Our data suggest a unique miRNA profile for HLHS that may be associated with defects in cardiac development and disease.

Introduction

MicroRNAs (miRNA, miRs) are small noncoding ∼22 nucleotide (nt) RNAs capable of modulating the expression of many genes by recognizing a reverse complementary 6 - 8 nucleotide “seed” sequence, most frequently located within 3′ untranslated regions (3′UTR) of mRNAs. The interaction of miRNAs and RNA binding proteins to the 3′UTR can cause translational repression or RNA destabilization. It is estimated that as much as 60% of the genome is subject to their regulation (1).

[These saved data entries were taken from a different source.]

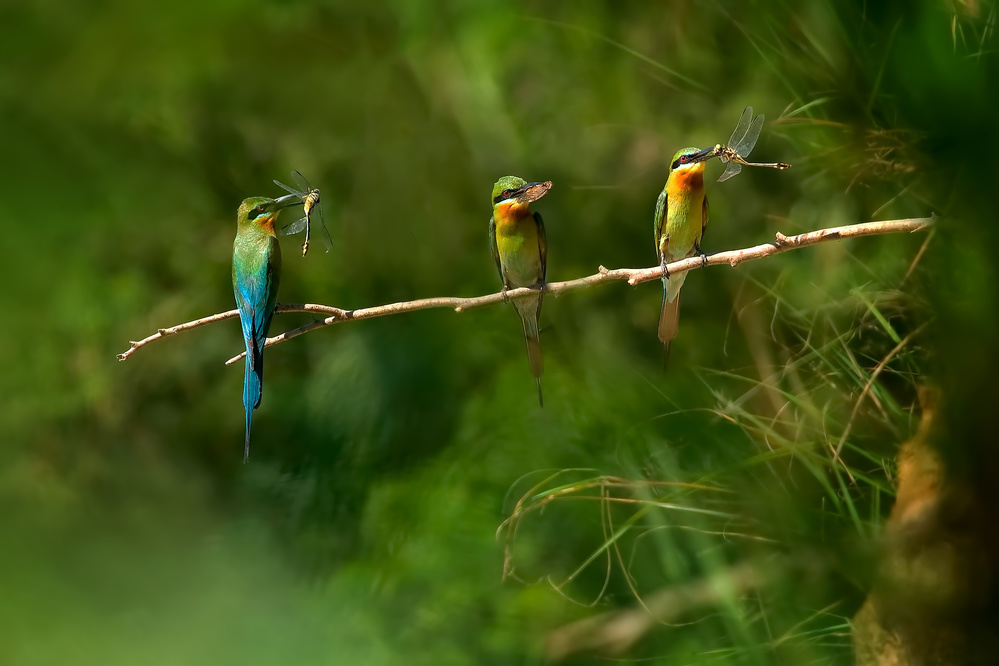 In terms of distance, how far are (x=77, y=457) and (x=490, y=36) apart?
1829 millimetres

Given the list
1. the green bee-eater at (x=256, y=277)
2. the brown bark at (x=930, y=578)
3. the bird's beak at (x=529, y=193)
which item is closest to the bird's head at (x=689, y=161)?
the bird's beak at (x=529, y=193)

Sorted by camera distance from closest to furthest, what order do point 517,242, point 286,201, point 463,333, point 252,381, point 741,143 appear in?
point 741,143
point 252,381
point 286,201
point 517,242
point 463,333

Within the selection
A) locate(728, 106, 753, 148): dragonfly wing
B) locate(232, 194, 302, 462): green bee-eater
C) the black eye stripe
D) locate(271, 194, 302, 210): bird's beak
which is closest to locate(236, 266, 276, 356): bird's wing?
locate(232, 194, 302, 462): green bee-eater

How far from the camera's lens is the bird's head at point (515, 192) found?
1.33 m

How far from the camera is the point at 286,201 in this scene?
1432 mm

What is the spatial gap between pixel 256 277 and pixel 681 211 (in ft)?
2.31

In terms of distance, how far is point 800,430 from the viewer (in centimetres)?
150

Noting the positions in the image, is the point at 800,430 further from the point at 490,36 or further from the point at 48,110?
the point at 48,110

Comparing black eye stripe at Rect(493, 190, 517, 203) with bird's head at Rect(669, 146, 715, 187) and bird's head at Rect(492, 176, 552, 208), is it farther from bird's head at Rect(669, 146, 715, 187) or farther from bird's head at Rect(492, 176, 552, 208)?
bird's head at Rect(669, 146, 715, 187)

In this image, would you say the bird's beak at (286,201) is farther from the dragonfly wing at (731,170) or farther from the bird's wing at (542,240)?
the dragonfly wing at (731,170)

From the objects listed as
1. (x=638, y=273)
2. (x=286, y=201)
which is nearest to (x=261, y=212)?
(x=286, y=201)

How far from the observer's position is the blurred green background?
1418 mm

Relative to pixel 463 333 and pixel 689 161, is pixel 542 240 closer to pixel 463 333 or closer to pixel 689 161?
pixel 689 161

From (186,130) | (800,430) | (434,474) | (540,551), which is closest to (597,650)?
(540,551) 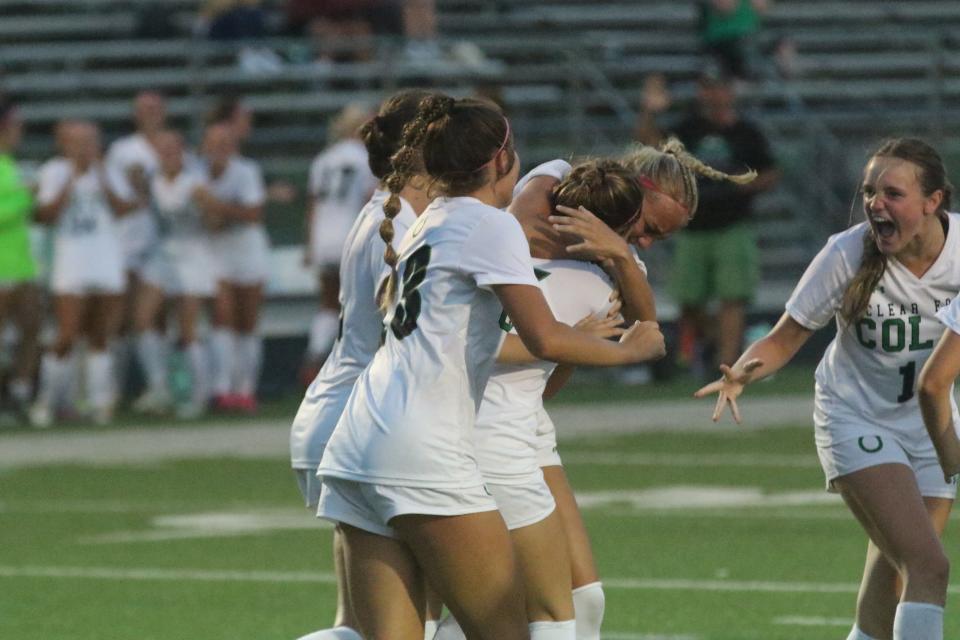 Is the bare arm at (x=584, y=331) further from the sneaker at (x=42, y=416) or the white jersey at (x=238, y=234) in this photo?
the white jersey at (x=238, y=234)

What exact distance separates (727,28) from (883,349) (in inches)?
619

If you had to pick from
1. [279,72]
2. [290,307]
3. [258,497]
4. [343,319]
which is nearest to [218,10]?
[279,72]

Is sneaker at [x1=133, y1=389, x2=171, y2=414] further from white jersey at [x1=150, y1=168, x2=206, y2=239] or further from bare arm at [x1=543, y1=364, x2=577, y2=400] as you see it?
bare arm at [x1=543, y1=364, x2=577, y2=400]

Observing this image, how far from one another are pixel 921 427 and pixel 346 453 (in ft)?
7.28

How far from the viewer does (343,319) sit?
6.91m

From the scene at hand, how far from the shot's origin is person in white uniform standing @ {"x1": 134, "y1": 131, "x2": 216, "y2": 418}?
17391mm

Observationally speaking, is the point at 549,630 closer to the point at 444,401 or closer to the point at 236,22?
the point at 444,401

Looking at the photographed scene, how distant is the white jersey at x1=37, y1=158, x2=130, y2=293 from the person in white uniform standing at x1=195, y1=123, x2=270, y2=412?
31.1 inches

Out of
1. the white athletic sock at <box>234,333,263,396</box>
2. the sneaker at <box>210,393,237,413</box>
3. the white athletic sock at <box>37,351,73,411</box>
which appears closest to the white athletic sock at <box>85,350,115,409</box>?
the white athletic sock at <box>37,351,73,411</box>

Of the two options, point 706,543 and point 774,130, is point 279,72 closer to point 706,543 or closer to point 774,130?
point 774,130

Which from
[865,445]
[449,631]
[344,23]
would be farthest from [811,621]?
[344,23]

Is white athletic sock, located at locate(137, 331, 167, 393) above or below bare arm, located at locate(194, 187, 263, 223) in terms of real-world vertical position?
below

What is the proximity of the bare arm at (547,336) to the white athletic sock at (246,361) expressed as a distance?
11926 mm

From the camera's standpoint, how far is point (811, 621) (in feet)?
28.4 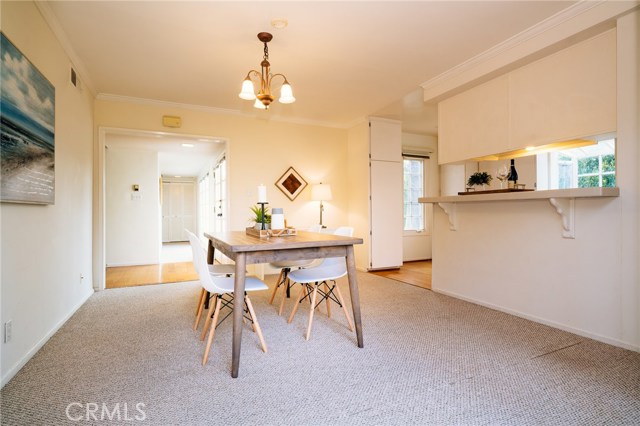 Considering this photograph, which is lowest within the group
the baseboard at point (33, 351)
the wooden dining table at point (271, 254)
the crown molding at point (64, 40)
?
the baseboard at point (33, 351)

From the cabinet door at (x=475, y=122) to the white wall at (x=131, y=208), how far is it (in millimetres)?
5433

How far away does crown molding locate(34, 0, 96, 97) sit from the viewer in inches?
92.7

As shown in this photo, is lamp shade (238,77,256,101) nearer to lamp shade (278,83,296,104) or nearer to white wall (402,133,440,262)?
lamp shade (278,83,296,104)

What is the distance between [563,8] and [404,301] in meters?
2.89

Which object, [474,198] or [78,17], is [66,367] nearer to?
[78,17]

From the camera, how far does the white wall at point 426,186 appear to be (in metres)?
6.30

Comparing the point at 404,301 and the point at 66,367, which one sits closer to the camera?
the point at 66,367

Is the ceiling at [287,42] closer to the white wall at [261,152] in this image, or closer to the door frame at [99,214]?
the white wall at [261,152]

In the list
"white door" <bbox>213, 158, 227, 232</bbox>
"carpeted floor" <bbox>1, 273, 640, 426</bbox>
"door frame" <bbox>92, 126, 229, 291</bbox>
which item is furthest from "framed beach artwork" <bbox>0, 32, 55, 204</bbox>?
"white door" <bbox>213, 158, 227, 232</bbox>

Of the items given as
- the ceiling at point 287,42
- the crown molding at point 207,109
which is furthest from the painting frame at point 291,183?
the ceiling at point 287,42

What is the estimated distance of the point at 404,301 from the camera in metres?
3.51

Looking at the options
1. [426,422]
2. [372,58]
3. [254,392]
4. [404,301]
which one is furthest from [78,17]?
[404,301]

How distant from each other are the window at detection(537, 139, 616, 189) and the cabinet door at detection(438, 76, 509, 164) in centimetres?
142

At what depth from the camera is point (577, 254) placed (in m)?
2.54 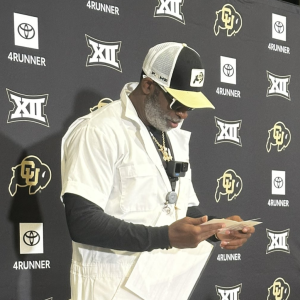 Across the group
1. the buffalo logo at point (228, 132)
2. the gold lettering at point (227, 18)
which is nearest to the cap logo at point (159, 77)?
the buffalo logo at point (228, 132)

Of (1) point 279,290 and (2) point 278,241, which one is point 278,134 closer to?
(2) point 278,241

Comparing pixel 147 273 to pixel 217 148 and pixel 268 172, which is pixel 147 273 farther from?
pixel 268 172

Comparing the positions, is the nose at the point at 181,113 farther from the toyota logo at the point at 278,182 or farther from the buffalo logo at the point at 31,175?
the toyota logo at the point at 278,182

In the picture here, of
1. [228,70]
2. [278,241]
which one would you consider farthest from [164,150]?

Over the past few years, several array-based studies have been published detailing changes in miR expression in normal versus failing adult human heart. The results of these studies have been summarized recently (1). miRs that repeatedly surface as dynamically regulated (up or down) in adult heart failure (HF) include: several let-7s, miR-1, miR-133a/b, miR-100, miR-195, miR-199, miR-214, miR-222, miR-23a/b, miR-29a/b, miR-30 family, and miR-320. We have recently shown that pediatric idiopathic dilated cardiomyopathy (IDC) patients display a miRNA profile that is quite different from the adult population suggesting that pediatric IDC is a unique disease process (2).

Here we show that expression of a subset of miRNAs is differentially regulated in the right ventricle (RV) of pediatric patients with hypoplastic left heart syndrome (HLHS), a severe form of congenital heart disease. Furthermore, we show that volume unloading of the RV following surgical palliation normalizes expression of several miRNAs and their putative targets.

Materials and Methods

Tissue Procurement

Human subjects were males and females of all races and ethnic background ≤13 years of age who donated their heart to the institutional review board-approved pediatric heart tissue bank at the University of Colorado. Non-failing (NF) control hearts are obtained from donors whose heart could not be placed for technical reasons. HLHS RV tissue was obtained from explanted hearts of patients at the time of heart transplant. All heart tissue is rapidly flash frozen in the operating room immediately after removal from the subject. A detailed description of all pediatric patients can be found in Table S1. In table S1, RV failure is defined as signs and symptoms of heart failure in the setting of abnormal systolic function on echocardiogram, low cardiac output measured at catheterization [cardiac index below 2.5 L/min/m2] and/or diastolic dysfunction of the RV [end diastolic pressure of the RV >12mmHg] (3). Informed consent was obtained from all patients.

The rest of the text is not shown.